Meski ratusan kasus unidentified anomalous phenomena atau UAP kembali memantik perdebatan tentang kemungkinan makhluk luar angkasa datang ke Bumi, hingga kini belum ada bukti yang benar-benar gamblang. Sejumlah laporan ilmiah dari The University of New South Wales menempatkan persoalan itu dalam tiga hambatan besar yang bisa dijelaskan oleh fisika dan biologi modern.
Hambatan yang paling mendasar justru datang dari jarak antarbintang yang nyaris tak terbayangkan. Proxima Centauri, bintang terdekat dari Matahari, berada sekitar 40 triliun kilometer atau 4,3 tahun cahaya dari Bumi.

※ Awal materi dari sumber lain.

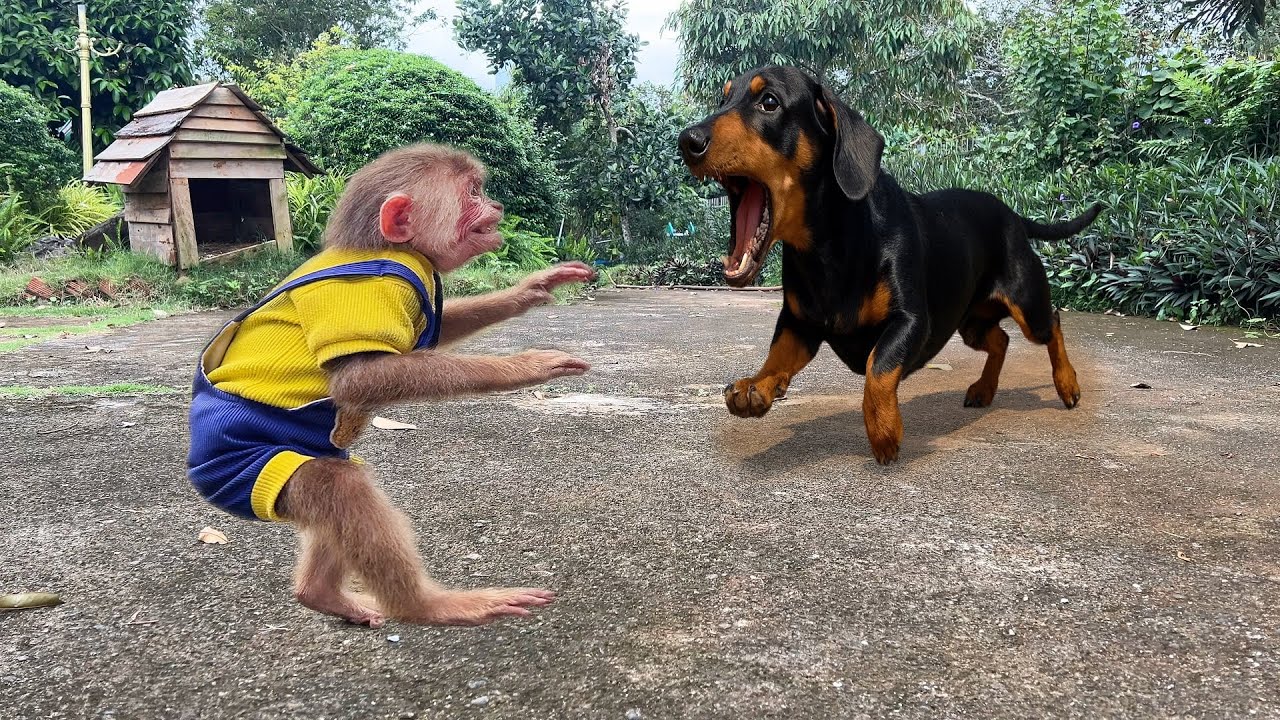 Monkey Moon Gets Hunted by a Playful Puppy – So Funny!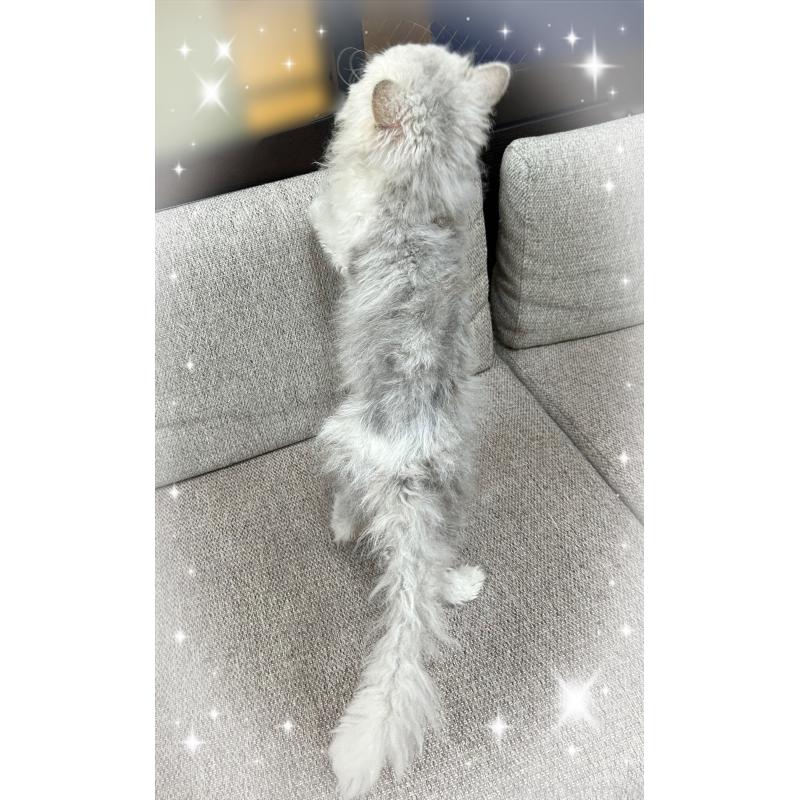 販売中の東京都のセルカークレックス-137460の3枚目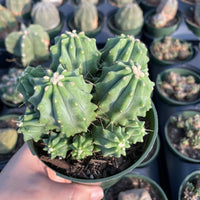 Rare Cactus - Ferocactus Glaucescens cluster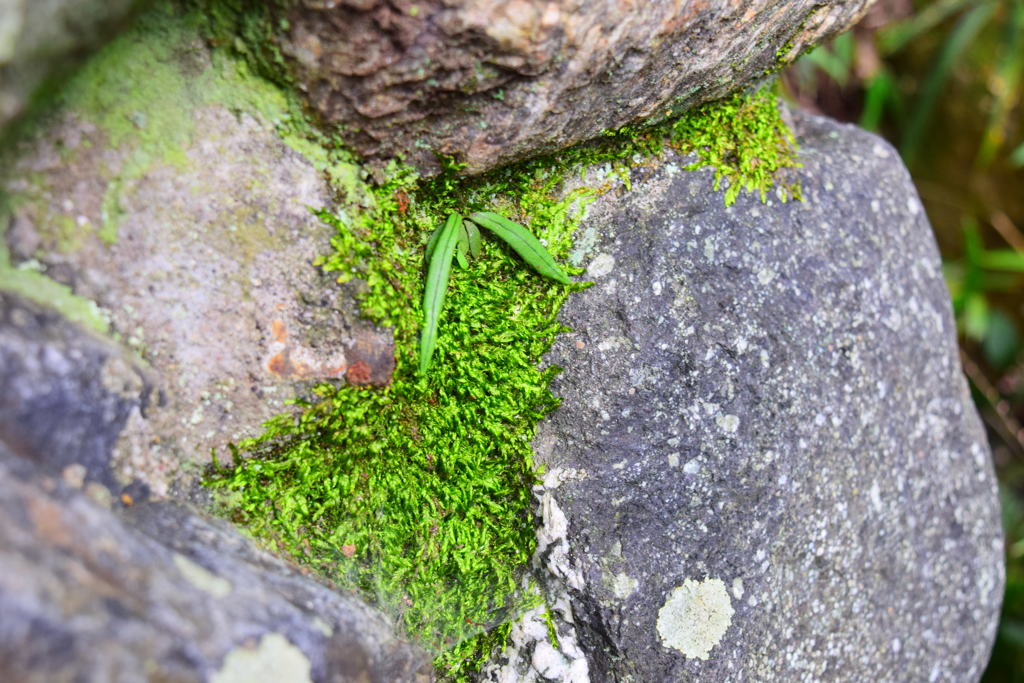 苔コレクション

Dengan jarak sejauh itu, perjalanan antarbintang bukan perkara sederhana, bahkan untuk wahana yang bergerak sangat cepat. Parker Solar Probe, salah satu wahana tercepat yang pernah dibuat manusia, hanya mencapai sekitar 191 kilometer per detik, sehingga perjalanan ke Proxima Centauri tetap akan memakan waktu kira-kira 6.650 tahun.
Jarak antarbintang menjadi penghalang utama
Kecepatan juga membawa konsekuensi lain yang tidak kalah rumit. Jika sebuah pesawat ruang angkasa mendekati kecepatan cahaya, waktu bagi para penumpangnya akan berjalan lebih lambat daripada waktu di Bumi, sesuai konsep dilatasi waktu yang dijelaskan Albert Einstein.
Artinya, perjalanan pulang pergi dari sistem bintang yang jauh dapat membuat sebuah peradaban kembali ke planet yang sudah jauh berubah. Selisih waktunya bahkan bisa mencapai satu abad atau lebih.
Energi yang dibutuhkan hampir mustahil dipenuhi
Masalah berikutnya adalah kebutuhan energi yang terus membesar seiring kenaikan kecepatan. Massa pesawat ruang angkasa meningkat seiring kecepatannya, sehingga percepatan menuju kecepatan sangat tinggi memerlukan energi yang makin besar.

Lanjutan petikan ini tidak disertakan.